4
votes

I want to log events from my client component and analyze them in google's BigQuery. My problem is that the events are of several different types (with potential for more types to be added in the future) - each event type has a different number and types of properties.

For example:

{"event":"action",
    "properties":{"ts":1384441115,
          "distinct_id":"5EB54670",
          "action_type":"pause",
          "time":"5"}}

{"event":"action",
    "properties":{"ts":1384441115,
          "distinct_id":"5EB54670",
          "action_type":"resume",
          "time":"15"}}

{"event":"section",
    "properties":{"ts":1384441115,
          "distinct_id":"5EB54670",
          "section_name":"end",
          "dl_speed":"0.5 Mbit/s",
          "time":"25"}}

My question is - how do I handle this diversity in a tabular DB? My reason for choosing BigQuery is its ability to handle big data calculation and analysis of my logged events, but for that to happen I need to figure out the best practice to log these events.

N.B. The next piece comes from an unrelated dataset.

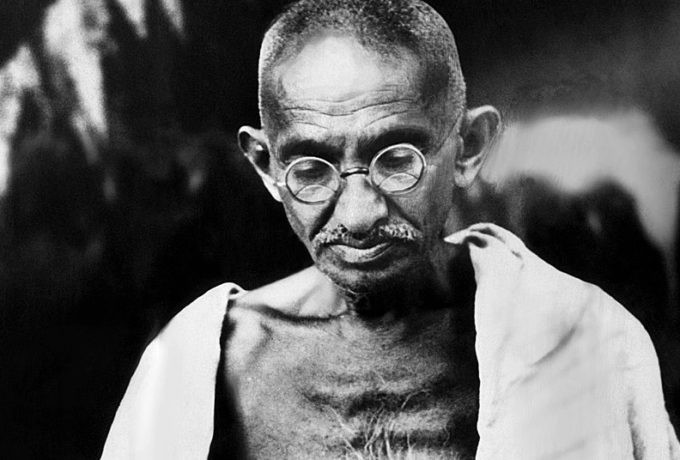 Năm 1947, Ấn Độ chia tách thành hai quốc gia độc lập là Ấn Độ theo Hindu giáo và Pakistan theo Hồi giáo. Sự chia cắt này diễn ra cùng nhiều biến cố đau buồn: 12 triệu người tị nạn đổ ra các nẻo đường kèm theo bạo lực giữa các cộng đồng. Tại Calcutta, Gandhi tuyệt thực vì hòa bình. Ảnh: Women empowerment.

I thought about 2 options:
1. have a large table that has columns for every property of every event type - in this case every row will contain empty fields.
2. have a separate table for each event type - this raises two issues - future events will call for new tables, and even worst - I loose ability to perform calculations over all events (seeing as all events share some properties like ts, distinct_id and time)

I'm pretty sure I am not inventing the wheel with my use-case, so I would love to hear about the best practices from you guys. Thanks!

Amit

1

1 Answers

4
votes

You have a number of options:

  1. Use wide schema. You can have a column for every property type. You can add columns to the table by using the tables.update() method. While it may seem inefficient to have a lot of null columns, this is actually the most efficient way to store and query your data.

    Null values don't cost anything to store, (e.g. if you have a table with a million rows and a column that only has 10 rows with a value and the rest are null, you only get charged for storage of the 10 values). Even better, null values don't cost anything to query either. Having a wide table schema will mean that your queries are less expensive, since you won't be reading all of the properties on each query, just the columns that you care about.

  2. Store the properties in a repeated field as key-value pairs. In that case, you'll likely need a keyword that we haven't yet documented -- OMIT ... IF. This is a pretty clean way of doing it, you'd end up with queries that look like

    SELECT properties.value FROM my_table
    OMIT properties IF properties.name <> "dl_speed"
    

    Of course, some queries could get pretty awkward in this scenario.

  3. Store the properties in a JSON field, and extract the field names you need in the query. We've recently added a couple of functions that will make this easy and efficient, however they haven't quite made it to production yet. I'll try to remember to update this answer when these go live, which will hopefully be today, but release schedules in december can be unpredictable.

  4. I'd recommend against having a separate table to join against. While this is the common way to do things in a relational-database world, this is going to be less efficient in BigQuery. We usually recommend that you denormalize your data.